__Given information__:

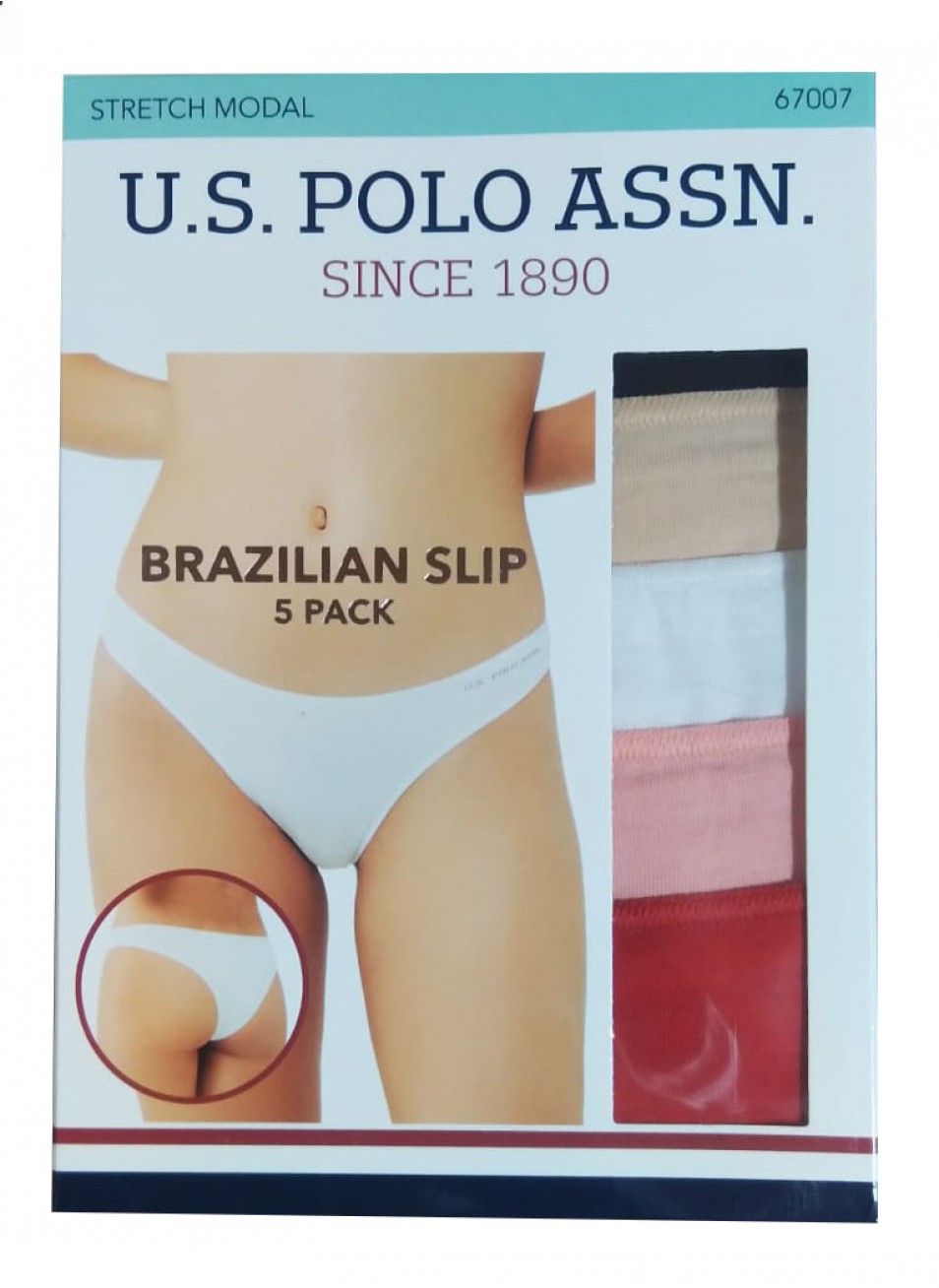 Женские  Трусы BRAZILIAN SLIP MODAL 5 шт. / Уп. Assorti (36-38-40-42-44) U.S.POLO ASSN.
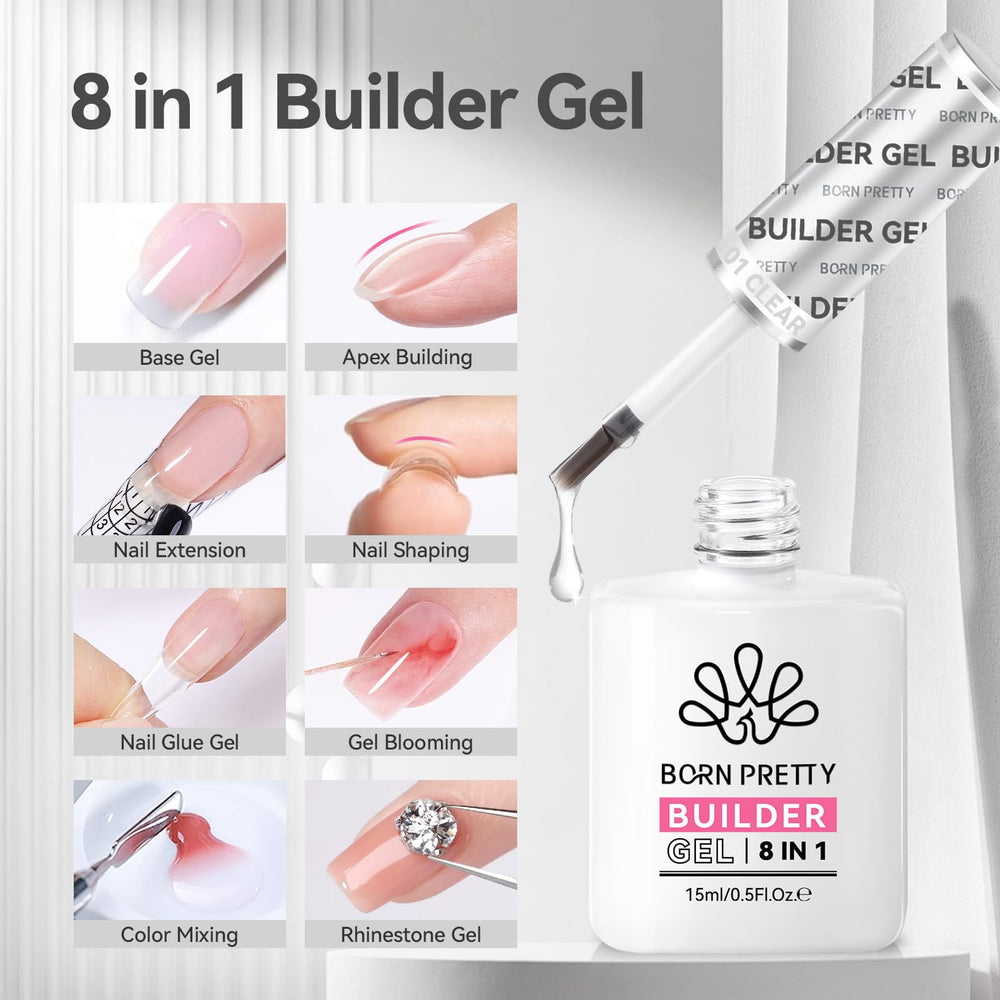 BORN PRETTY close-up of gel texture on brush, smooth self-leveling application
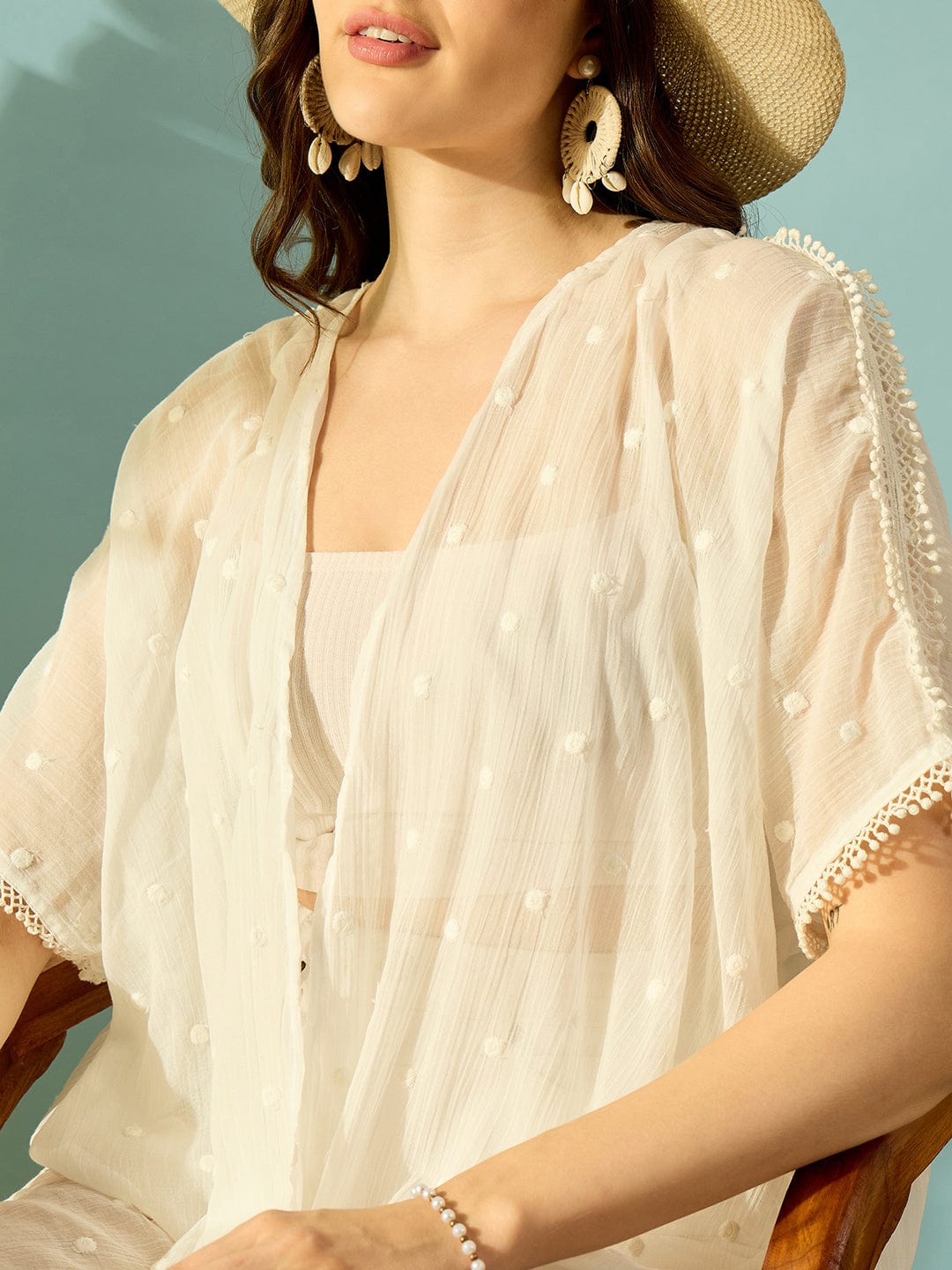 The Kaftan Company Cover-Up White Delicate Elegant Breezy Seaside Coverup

__What you should do__: Full copy, no pictures: write out each line of the data exactly as it stands.

__Solution to the problem__:
 Женские  Трусы BRAZILIAN SLIP MODAL 5 шт. / Уп. Assorti (36-38-40-42-44) U.S.POLO ASSN.
 BORN PRETTY close-up of gel texture on brush, smooth self-leveling application
 The Kaftan Company Cover-Up White Delicate Elegant Breezy Seaside Coverup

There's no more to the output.